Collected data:
********
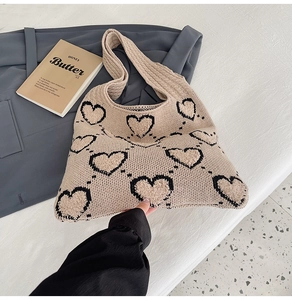 Détail du sac cabas en tricot beige avec motifs de cœurs noirs sur texture de tissu tissé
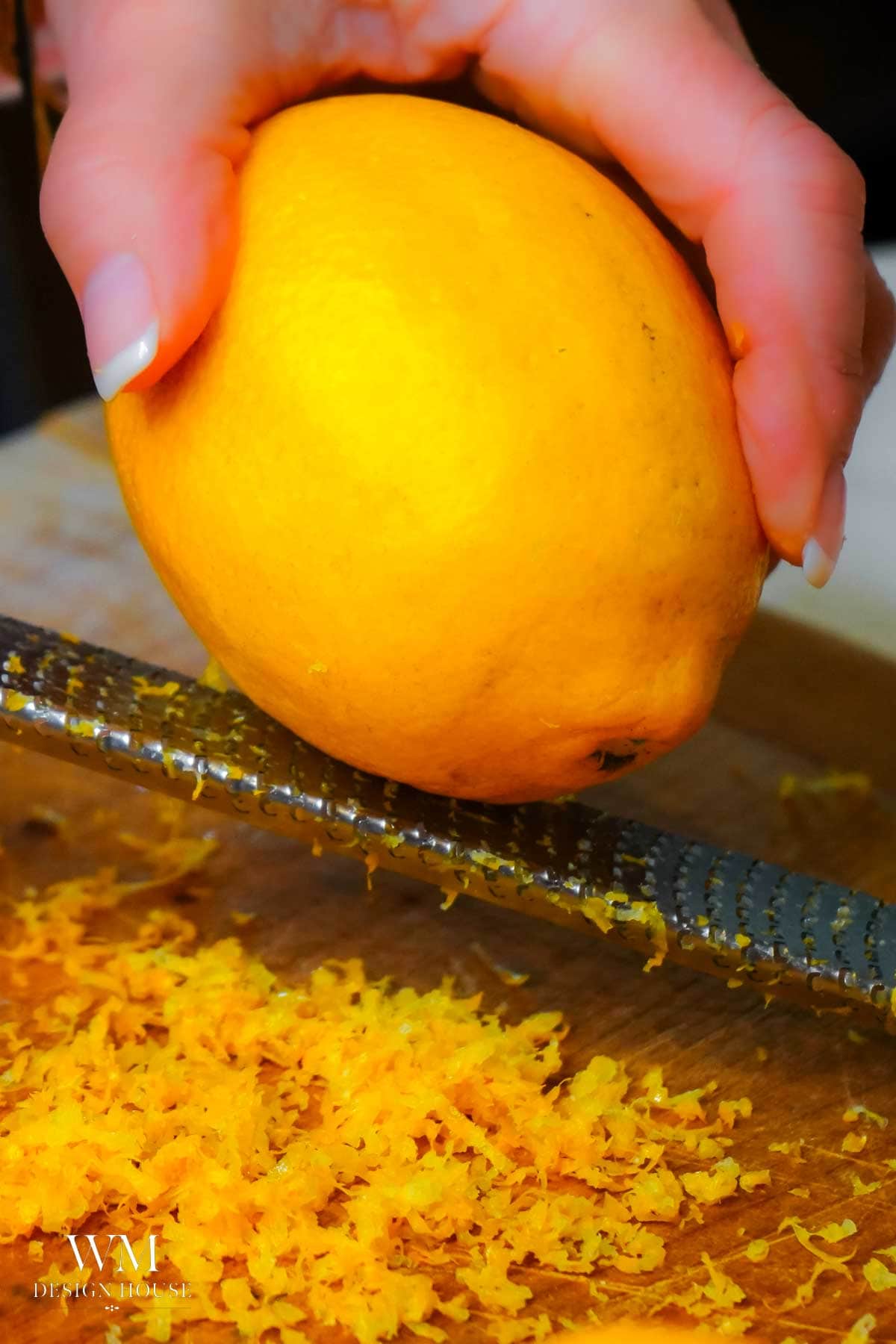 A hand grates the zest from a lemon onto a wooden cutting board, creating a pile of fine yellow zest below the grater—the perfect aromatic addition for recipes like Lemon Curd or Salted Honey desserts.
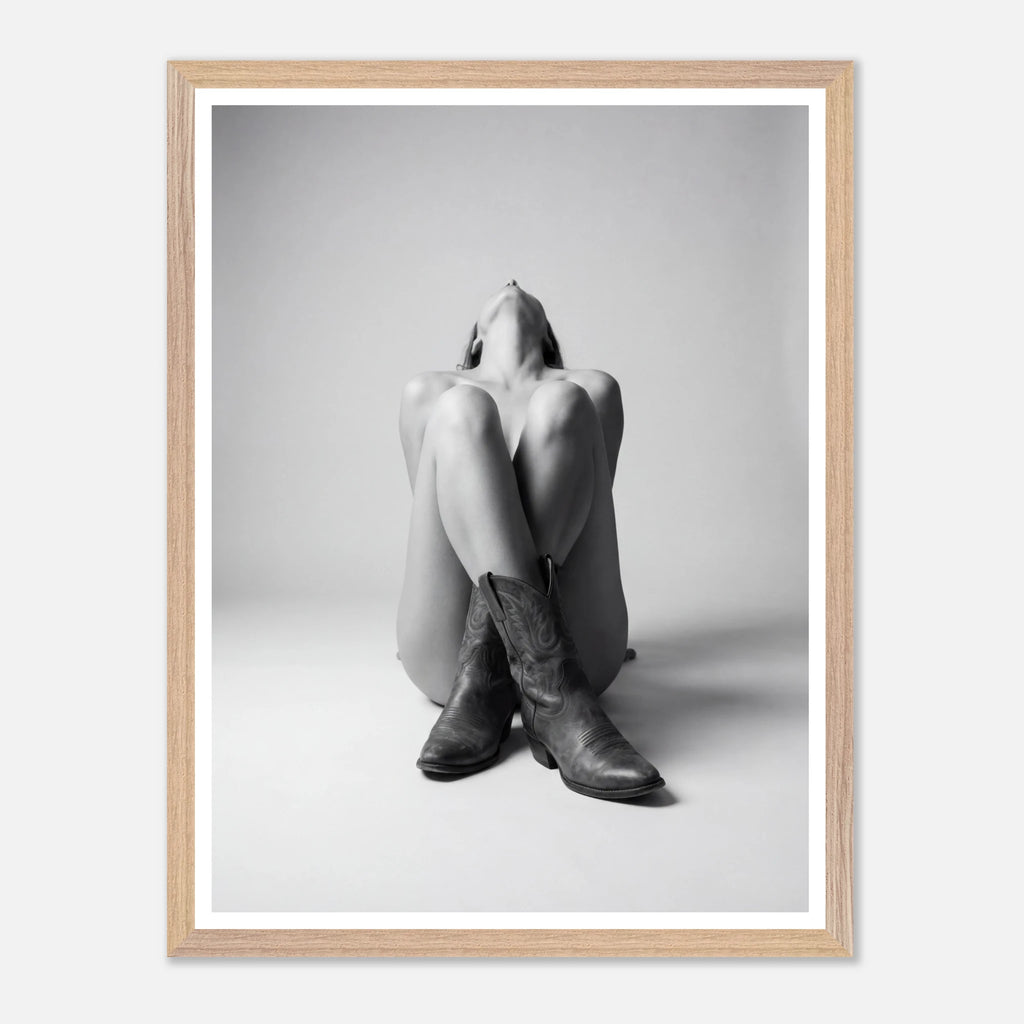Framed black and white art print of a person wearing cowboy boots on a light gray background.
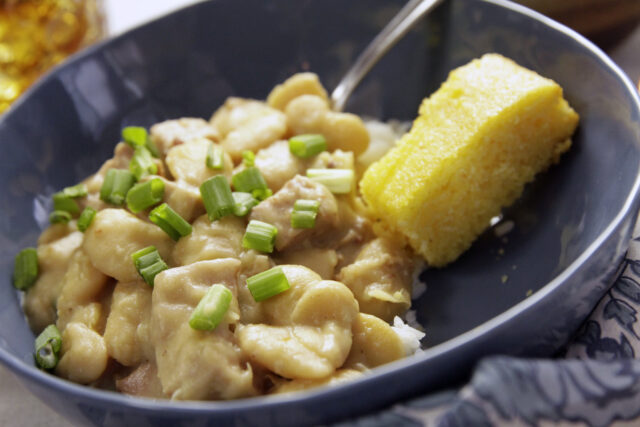 Creamy butter beans topped with chopped green onions in a deep blue bowl, served with a slice of yellow cornbread, conveying a cozy, home-cooked meal.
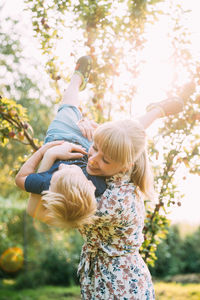 Side view of mother and daughter playing in park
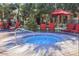 Relaxing hot tub surrounded by lounge chairs and landscaping at 1941 S Pierpont Dr # 1099, Mesa, AZ 85206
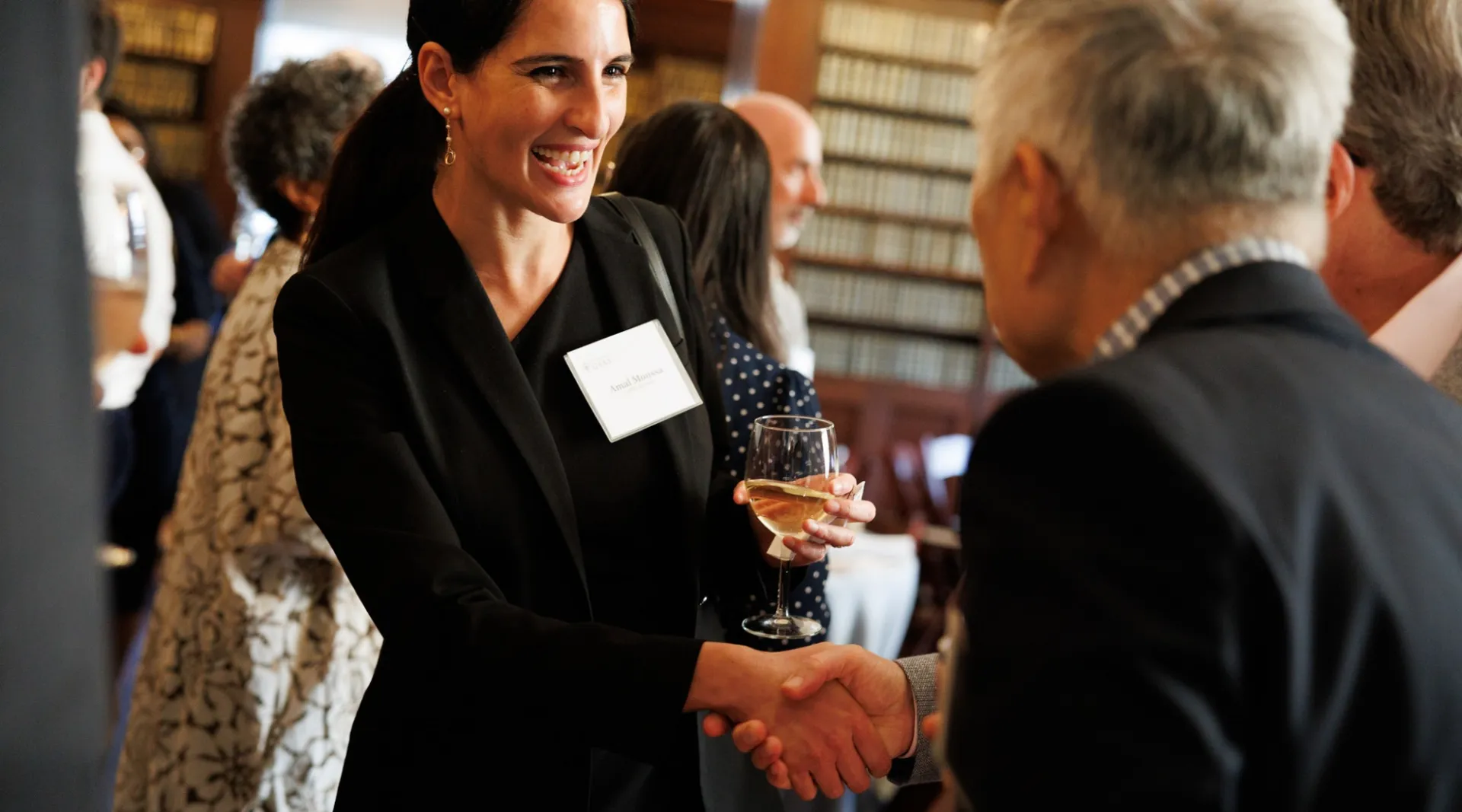 A woman in a suit shaking hands with someone.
********
● **Task to complete**:
Starting at the line that contains "Relaxing hot tub" and ending at the final line of the data, reproduce each line exactly. Pictures stay out of the copy.

● **Answer section**:
 Relaxing hot tub surrounded by lounge chairs and landscaping at 1941 S Pierpont Dr # 1099, Mesa, AZ 85206
 A woman in a suit shaking hands with someone.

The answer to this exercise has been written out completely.